To Love and to Loathe Page 61
Jeremy, staring after her, began to laugh.
“What, precisely, is so amusing?” Diana asked, narrowing her eyes at him.
Jeremy turned slightly to face her head-on, still laughing. His face was alight with humor, his blue eyes dancing, and Diana averted her gaze slightly, much as one would when faced with the direct glare of the sun. Oh, this was dangerous, dangerous, dangerous.
“Well,” he said, “you rather twisted yourself into knots trying to ensure that I would be left alone with the lady in a compromising situation, and yet I find myself alone with you instead.”
“How do you know that wasn’t my true aim all along?” Diana asked without thinking, and could she have willed those words back into her mouth a moment later, she would have done so. Flirting came so naturally to her that it was like breathing sometimes—a way to continue the conversation without really saying anything at all.
Except, of course, she had forgotten to whom she was speaking, and the fact that he would not hesitate to take this as an invitation. In an instant, his eyes darkened and he took a step toward her. Diana resisted the instinctive urge to take a step back, as one would from a predator, and instead raised her chin. She had said the thing, so she might as well brazen it out.
She made a mental note to have that motto engraved upon her tombstone, but that was her last coherent thought before Jeremy’s hands slid into her hair, pulling her face toward his own. Her eyes fluttered shut, but he did not kiss her at once. Instead, he rested his forehead upon hers, and she allowed her eyes to open once again, staring into his own from such close proximity that she could see nothing else.
“Diana,” he murmured, his breath warm against her skin. Something deep within her heated at the sound of her name uttered in his deep voice, slightly ragged at the edges in a way that was not all in keeping with his usual smooth demeanor. She had the fleeting thought that she wanted to hear him say her name like that every day for the rest of her life.
She tilted her chin up and captured his lips with her own, and immediately she was drowning in sensation: in the heat of his mouth and the taste of him—the black tea he had been drinking earlier, mixed with something else entirely his own. One of his hands cupped the nape of her neck, then slid upward to cradle her cheek. He made no further move to claim her, did not attempt to draw them closer together, and yet she felt warmth course through her body at his touch. His tongue teased her lips apart and explored her mouth in a leisurely fashion, and she reached up to grip him by the shoulders to ensure that she kept her balance, given the sudden weakening of her knees.
He took a step forward then, and then another, and she backed up until her knees hit the edge of the bench. Without relinquishing her grip on him, she sank down onto it, drawing him down with her. And while he had seemed content a moment before to kiss her in a slow, unhurried fashion, something changed the instant they were seated, and his mouth began to move with greater force, creating a slowly intensifying heat between them that she was helpless to resist flinging herself into. He drew her closer toward him, as close as the frustrating volume of her skirts would allow, and he wrapped his free arm around her waist, pressing their chests together and letting her feel the rapid, staccato beat of his heart, racing in time with her own.
Time seemed to slow, and she lost all sense of the world around them—the warmth of the August sunlight peeking out from behind the clouds, the lazy buzzing of bees at a nearby flower.… She felt slow and languid and as though her entire body had been weighted down. She moved her arms from his shoulders to twine around his neck and pressed herself even closer—close enough that she could feel him stiffening against her hip, and a primal, feminine part of her thrilled at this power, even as the sensation brought her reluctantly back to earth.

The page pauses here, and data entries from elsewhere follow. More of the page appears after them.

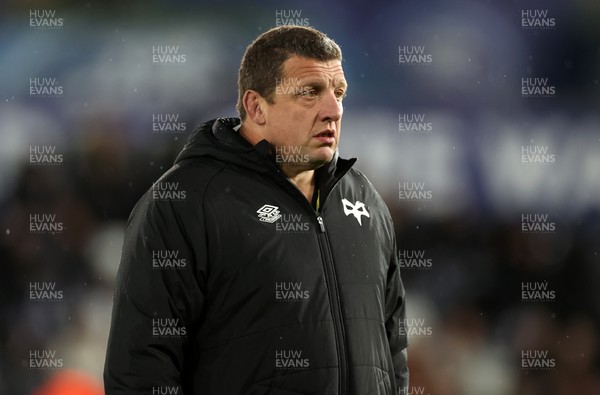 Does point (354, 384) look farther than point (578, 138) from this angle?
No

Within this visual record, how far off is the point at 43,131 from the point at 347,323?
6.74 ft

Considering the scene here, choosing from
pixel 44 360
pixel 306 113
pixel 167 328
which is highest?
pixel 306 113

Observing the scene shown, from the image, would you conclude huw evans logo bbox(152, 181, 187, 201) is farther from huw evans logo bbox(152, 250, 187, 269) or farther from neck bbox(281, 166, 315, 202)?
neck bbox(281, 166, 315, 202)

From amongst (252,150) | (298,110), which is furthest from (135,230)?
(298,110)

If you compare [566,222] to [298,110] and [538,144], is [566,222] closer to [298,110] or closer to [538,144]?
[538,144]

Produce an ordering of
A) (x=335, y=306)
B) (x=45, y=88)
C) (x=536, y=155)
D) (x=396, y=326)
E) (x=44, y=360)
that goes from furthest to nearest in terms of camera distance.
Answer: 1. (x=536, y=155)
2. (x=45, y=88)
3. (x=44, y=360)
4. (x=396, y=326)
5. (x=335, y=306)

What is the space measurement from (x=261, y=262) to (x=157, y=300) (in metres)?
0.19

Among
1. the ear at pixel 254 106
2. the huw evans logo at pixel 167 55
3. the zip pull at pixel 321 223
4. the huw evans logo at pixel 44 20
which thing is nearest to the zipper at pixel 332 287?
the zip pull at pixel 321 223

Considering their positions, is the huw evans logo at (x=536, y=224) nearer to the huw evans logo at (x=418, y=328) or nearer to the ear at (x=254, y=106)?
the huw evans logo at (x=418, y=328)

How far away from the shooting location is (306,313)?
4.87 ft

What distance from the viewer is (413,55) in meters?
3.31

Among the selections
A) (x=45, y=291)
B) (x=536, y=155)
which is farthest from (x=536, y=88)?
(x=45, y=291)

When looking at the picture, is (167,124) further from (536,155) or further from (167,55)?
(536,155)

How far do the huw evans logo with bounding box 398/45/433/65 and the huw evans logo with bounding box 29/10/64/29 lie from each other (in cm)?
135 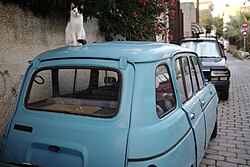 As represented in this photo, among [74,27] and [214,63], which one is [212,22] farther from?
[74,27]

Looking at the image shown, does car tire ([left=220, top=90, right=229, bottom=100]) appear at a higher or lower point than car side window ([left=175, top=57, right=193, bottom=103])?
lower

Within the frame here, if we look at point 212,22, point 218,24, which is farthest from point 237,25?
point 212,22

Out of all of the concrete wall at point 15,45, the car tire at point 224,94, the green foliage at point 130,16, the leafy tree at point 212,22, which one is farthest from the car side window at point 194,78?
the leafy tree at point 212,22

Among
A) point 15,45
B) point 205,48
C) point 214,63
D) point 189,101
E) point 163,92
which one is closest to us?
point 163,92

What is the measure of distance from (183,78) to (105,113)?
1.12m

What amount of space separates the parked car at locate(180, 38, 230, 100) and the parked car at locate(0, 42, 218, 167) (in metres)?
4.57

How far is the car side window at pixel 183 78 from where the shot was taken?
262cm

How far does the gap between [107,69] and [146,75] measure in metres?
0.32

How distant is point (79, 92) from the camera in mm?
2475

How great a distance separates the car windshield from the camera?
25.9 feet

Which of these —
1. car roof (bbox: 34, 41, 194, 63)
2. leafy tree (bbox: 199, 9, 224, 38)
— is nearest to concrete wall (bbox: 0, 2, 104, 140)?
car roof (bbox: 34, 41, 194, 63)

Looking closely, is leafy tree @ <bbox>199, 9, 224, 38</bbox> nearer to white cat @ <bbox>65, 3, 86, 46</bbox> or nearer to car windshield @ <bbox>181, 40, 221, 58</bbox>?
car windshield @ <bbox>181, 40, 221, 58</bbox>

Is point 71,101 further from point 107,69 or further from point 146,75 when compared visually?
point 146,75

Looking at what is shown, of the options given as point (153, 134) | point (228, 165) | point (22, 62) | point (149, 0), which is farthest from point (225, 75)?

She pulled away from him. “We can’t do this here,” she said breathlessly, though her arms remained in place around his neck, and his face was still so close to hers that she could see the faint laugh lines at the corners of his eyes. They would deepen with time, she thought, and he would be all the more handsome for it. She had never given a moment’s thought to Jeremy as an older man—in her mind, he was so much the youthful rake that she almost had difficulty imagining it—and yet in that instant she could see it all too clearly. He would settle down and marry a beautiful woman and—this she knew with a sudden, clenching certainty—be a devoted father. He could not see this future, she knew, but she could. And the thought made her feel oddly lonely all of a sudden.
“You’re right,” he admitted, his tone reluctant, and then his brow furrowed at whatever he saw in her expression. “Are you all right?”
“Fine, fine,” she said in as breezy a tone as she could manage, drawing back farther to put some much-needed space between them. “Just distracted.”
“Just what every chap wants to hear from the lady he’s been kissing,” Jeremy muttered.
Without thinking—why did she never think?—she replied, “Your kisses are not your problem, my lord. Indeed, if you were any more proficient at them, I should find it a bit dangerous.”
He preened. “Dangerous?” She could practically see his chest expanding with pride, like a balloon, and she quickly summoned a verbal needle.
“Yes, well, as we have discussed, there are other parts of your repertoire that leave room for improvement.” He deflated. “But I am willing to work on those with you.”